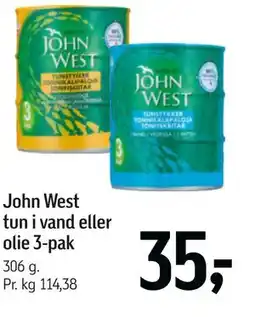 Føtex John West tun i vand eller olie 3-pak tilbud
* * *
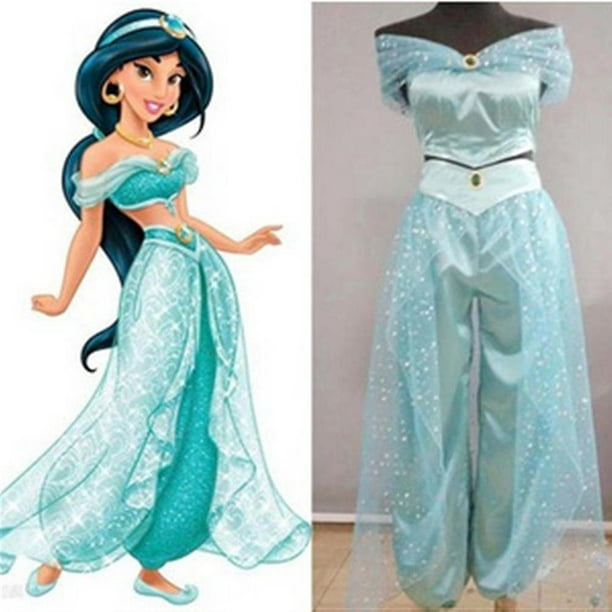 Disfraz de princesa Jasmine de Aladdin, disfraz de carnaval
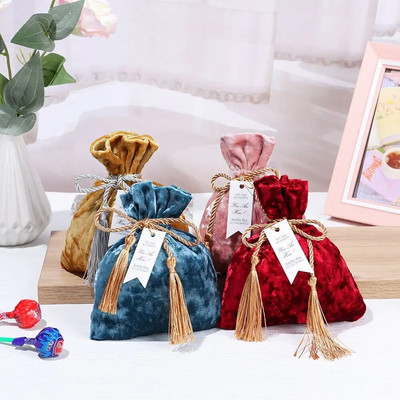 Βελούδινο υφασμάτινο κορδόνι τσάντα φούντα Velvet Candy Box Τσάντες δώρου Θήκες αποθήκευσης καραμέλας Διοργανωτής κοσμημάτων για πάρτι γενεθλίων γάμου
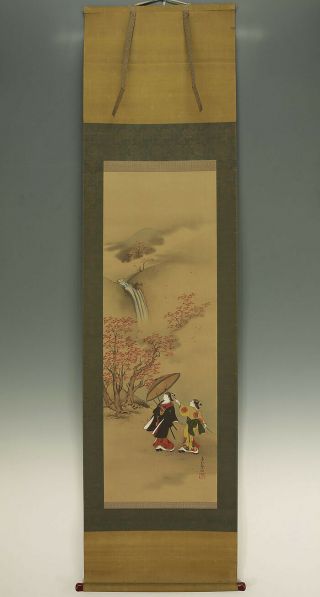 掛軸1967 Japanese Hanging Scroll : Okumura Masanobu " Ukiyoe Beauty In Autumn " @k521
--
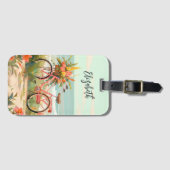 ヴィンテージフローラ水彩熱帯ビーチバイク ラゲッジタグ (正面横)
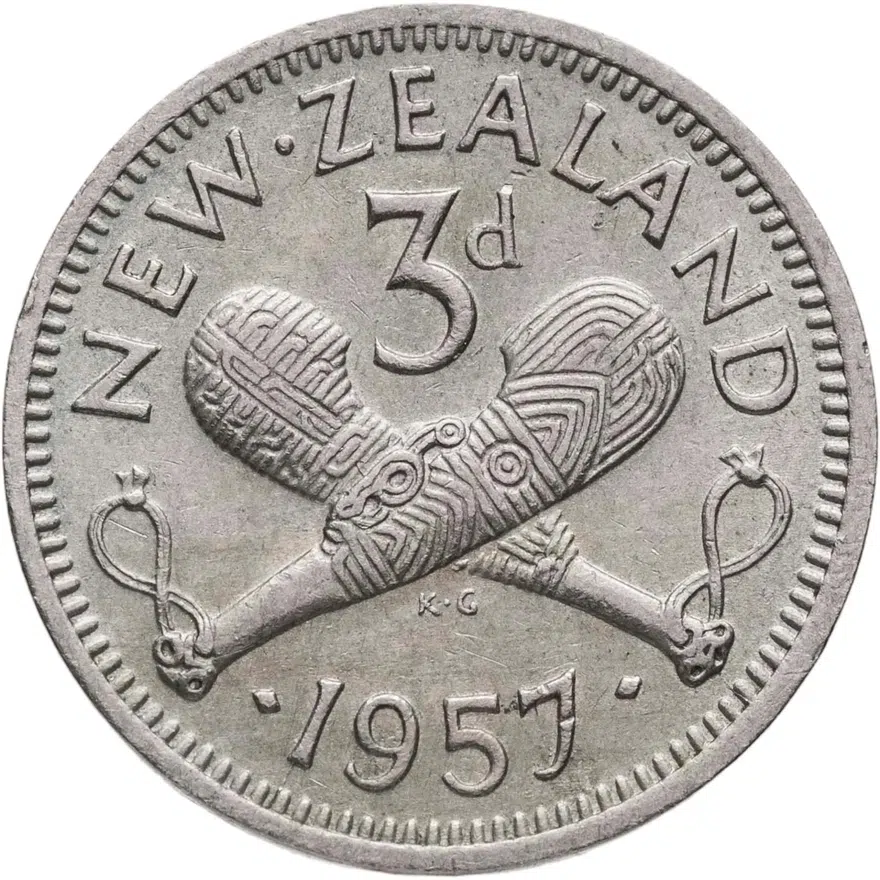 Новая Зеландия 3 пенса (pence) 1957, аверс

**WHAT IS EXPECTED**
Leaving out all pictures, set down exactly the lines of the material above, from the line with "Βελούδινο υφασμάτινο κορδόνι" to the line with "掛軸1967 Japanese Hanging" inclusive, and no others.

**OUTPUT**
 Βελούδινο υφασμάτινο κορδόνι τσάντα φούντα Velvet Candy Box Τσάντες δώρου Θήκες αποθήκευσης καραμέλας Διοργανωτής κοσμημάτων για πάρτι γενεθλίων γάμου
 掛軸1967 Japanese Hanging Scroll : Okumura Masanobu " Ukiyoe Beauty In Autumn " @k521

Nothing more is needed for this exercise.